Security Minister Ben Wallace said the man was "not known to the authorities in the space of extremism or far-right extremism".
Police, who believe he was acting alone, were searching addresses in Cardiff, Wales, where the vehicle hire company that the van was rented from is based.
ATTACKS IN LONDON, MANCHESTER
The latest incident took place just over two weeks after three Islamist militants drove into pedestrians on London Bridge and stabbed people at nearby restaurants and bars, killing eight..
A suicide bombing at a pop concert in Manchester, northern England, in May also killed 22 people, while in March, a man drove a rented car into pedestrians on Westminster Bridge in London and stabbed a policeman to death before being shot dead. Five people were killed in that attack.
Five other terrorism plots have been foiled since March, police say.
May, weakened after losing her parliamentary majority in a June 8 election she had called to strengthen her hand in Brexit talks, has faced criticism for her record on security after the previous series of attacks blamed on Islamist militants.

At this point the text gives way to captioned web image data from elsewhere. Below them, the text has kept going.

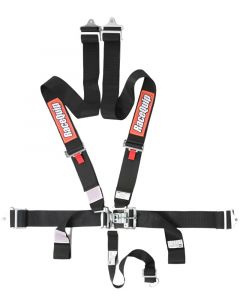 RaceQuip Black L & L 5pt Seat Belt buy in USA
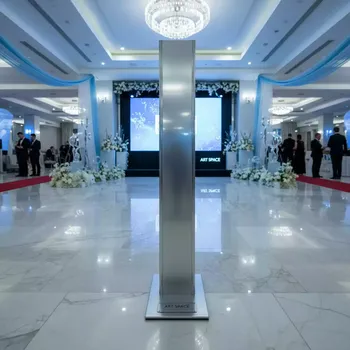 Аренда Напольный стенд Roland PNS 24 в Boutique Hotel PORTUM 1905 — ART SPACE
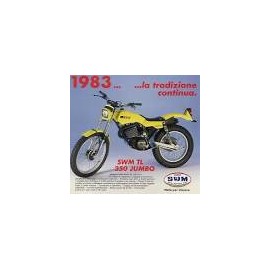 Swm 350TL Jumbo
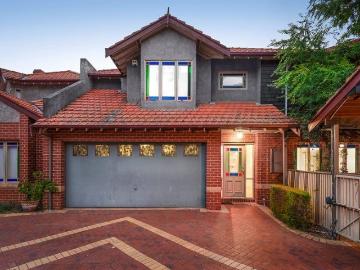 house at 10/7 13 Coate Avenue, Alphington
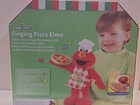 Singing Pizza Elmo Sesame Street Fisher Price Retired New In Box 2007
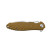 Нож складной Firebird by Ganzo FH71 коричневый  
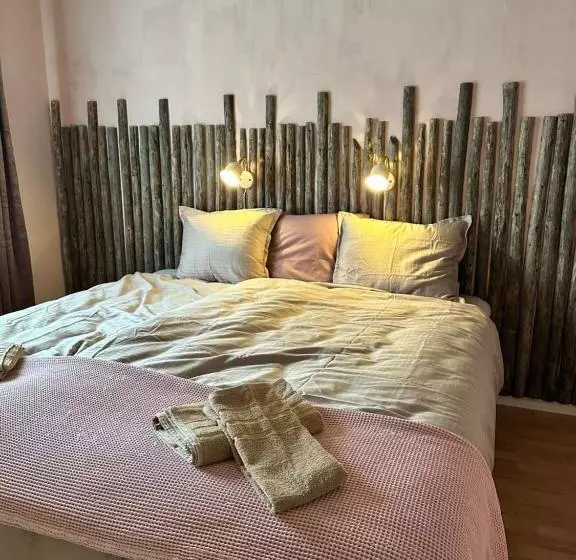 Retkeilymaja Backens Gästhem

London Mayor Sadiq Khan has called on her to reverse planned police spending cuts. She has also been criticised for her response to a fire in a London tower block last Wednesday which killed at least 79 people.
"Today’s attack falls at a difficult time in the life of this city, following on from the attack on London Bridge two weeks ago – and of course the unimaginable tragedy of Grenfell Tower last week," May said.
She promised action to stamp out all forms of hatred, saying there had been far too much tolerance of extremism in Britain over many years.
Police have said hate crimes rose after the London Bridge attack and more officers would be deployed to provide reassurance to mosques.
The Muslim Council of Britain said Monday's attack on mosque worshippers was the most violent manifestation of Islamophobia in Britain in recent months and called for extra security at places of worship.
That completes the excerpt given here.